If a struggling little company that turned out The Cat from Outer Space can come up with ALL of EPCOT Center, why can't one of the world's largest mega media companies do a little more than Dino-Rama?

When Disney opened 'Pirates of the Caribbean', it was so amazing, so astouding, so I-got-to-see-this that the ride has infused itself into American culture. It's in everything from old novels (The Stepford Wives) and new movies (the joke in Jurassic Park). It inspired a young Steven Speilberg (Goonies) - people who have never even thought of going to Disneyland or Walt Disney World know about the ride.

So why can't today's Disney create something that has the same amount of impact? Surely marketing isn't the problem. Nor money. Nor is technology. All that's lacking is the desire to create grand things and the guts to tough it out.

I don't care about "Disney is better than last year". I want Disney to be better than it ever was.
 

Oh, and no, Comfort Inn has not been named specifically, but Disney is using terms like "value conscious", so it would follow that there will be chains like that coming in. Anything else would be competing directly with what Disney already has.

Sorry, think I was the first one to mention "Comfort Inn," and I did just mean it as an example of a "value conscious" brand name motel. Maybe it will be a HoJo instead, but the point is the same, it will be on Disney-owned land but it will not be a unique "Disney" resort.

Similarly, we may get a Chillis or Applebees instead of a Fridays, but they are using Disney-owned land to build a a west side clone of Crossroads/Palm Parkway, not another version of Downtown Disney as was first rumored.
 
I don't agree. I don't think Disney has ever offered a true "luxury" experience, and I don't think that they are well positioned to. They have offered rooms at luxury prices, but I think the service has been unremarkable. I've never faulted them for this, but I've never mistaken their top line offerings for true luxury accomodations, and finding a partner to offer such an experience seems to be a good idea.

I absolutely agree with you here. The only "deluxe" in their deluxe resorts is the price. Other than that, service is a crap shoot.

I think Disney should get out of the hotel business all together. The Disney powers-that-be should sell the hotels to people who actually know how to run them like Hilton or Loew's. Disney is making the same mistake with their hotels they've made with everything else. They're trying to coast on the brand name and then try to throw in a supposed perk like extra-magic hours. They aren't a perk: They're a Disney nightmare.
 
I don't agree. I don't think Disney has ever offered a true "luxury" experience, and I don't think that they are well positioned to.
Fair enough if you want to discuss whether Disney is capable of offering a high end resort, but my point was that this Four Seasons things in NOT a partnership or a JV. Disney isn't teaming with Four Seasons to develope something Disney can't do alone, working together with them to bring the high end resort to the property, and splitting the profits in accordance with established JV participation percentages.

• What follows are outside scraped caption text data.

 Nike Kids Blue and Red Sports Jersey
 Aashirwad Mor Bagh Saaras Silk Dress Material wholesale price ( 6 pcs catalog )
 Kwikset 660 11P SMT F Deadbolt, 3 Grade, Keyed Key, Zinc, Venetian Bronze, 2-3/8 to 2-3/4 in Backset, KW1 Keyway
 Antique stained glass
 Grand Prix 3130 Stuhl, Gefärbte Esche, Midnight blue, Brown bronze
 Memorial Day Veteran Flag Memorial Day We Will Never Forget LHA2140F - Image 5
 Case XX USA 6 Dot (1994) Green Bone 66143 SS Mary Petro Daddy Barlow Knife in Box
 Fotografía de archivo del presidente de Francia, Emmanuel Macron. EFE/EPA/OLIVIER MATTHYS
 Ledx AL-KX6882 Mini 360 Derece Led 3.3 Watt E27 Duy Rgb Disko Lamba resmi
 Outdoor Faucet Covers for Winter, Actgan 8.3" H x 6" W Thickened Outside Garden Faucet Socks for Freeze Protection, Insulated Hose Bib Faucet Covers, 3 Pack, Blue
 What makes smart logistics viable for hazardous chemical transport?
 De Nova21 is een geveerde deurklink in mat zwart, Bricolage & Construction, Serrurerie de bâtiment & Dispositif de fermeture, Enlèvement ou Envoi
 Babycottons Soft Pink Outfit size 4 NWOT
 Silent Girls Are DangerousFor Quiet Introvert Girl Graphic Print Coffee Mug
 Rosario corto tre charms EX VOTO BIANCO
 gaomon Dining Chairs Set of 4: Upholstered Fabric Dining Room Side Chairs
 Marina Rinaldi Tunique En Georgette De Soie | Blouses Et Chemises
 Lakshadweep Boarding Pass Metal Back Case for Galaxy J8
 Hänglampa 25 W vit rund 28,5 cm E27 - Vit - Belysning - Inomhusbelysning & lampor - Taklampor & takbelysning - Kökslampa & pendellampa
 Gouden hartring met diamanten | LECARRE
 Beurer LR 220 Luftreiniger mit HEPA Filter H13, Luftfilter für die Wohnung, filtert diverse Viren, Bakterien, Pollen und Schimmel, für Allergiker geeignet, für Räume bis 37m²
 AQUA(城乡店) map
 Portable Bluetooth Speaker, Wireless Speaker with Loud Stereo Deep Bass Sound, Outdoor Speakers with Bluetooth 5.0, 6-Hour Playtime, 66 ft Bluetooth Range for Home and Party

At least there is no evidence of such a teaming arrangement, nor any whispers of such. So, I don't think there is any basis for referring to this as a JV. Disney is punting. De-annexing land to turn over to Four Seasons so Four Seasons can do their own thing, most likely giving Dinse a small slice of the profits, a distribution fee is you will. Again, back to the distributor versus the resort operator thing. I don't really like it. Is Disney capable of delivering a true high end resort? Are they any less capable of that now than they were of bringing forth the Contemporary and Polynesian? If Disney was willing to put forth the effort and make the investment I suspect they could make a high end resort work.
I agree. But I think it unlikely that any culture change will protect the company from misteps. Henry Ford was asked by a reporter how he became so succesful. He replied that he had made a lot of good decisions. The reporter asked him how he knew to make such good decisions, and Mr. Ford replied, "Easy, I made a lot of bad decisions first."
But one thing good old Henry never did was decide to stop making cars of his own, picking them up from someone else and slapping the Ford emblem on them. Sure, Ford may now share a platform and some parts here or there with another manufacturer, but Ford doesn't buy a Honda lock, stock and barrel and repackage it as a Ford. Disney's failure to keep animation at the forefront of their business, to keep it's position as THE leading firm and innovator, was a whole lot more than just one bad decision among many good ones.

My problem with the naysaying is that it lacks context.
The naysaying lacks context? As we all seem to agree, there is a difference in frame of reference here. Yes, Disney is better postioned now than they have been in the past 10 or 15 years, but only looking back that far almost reeks of an absence of context. Sure, Soarin and Kilimanjaro are great attraction. However, you can find a longer list of misses over the past 15 than you can find hits.....so there is nothing wrong with expecting more than what those two rides (along with a handful of other) represent, and looking beyond just the theme park business in evaluating the company's position.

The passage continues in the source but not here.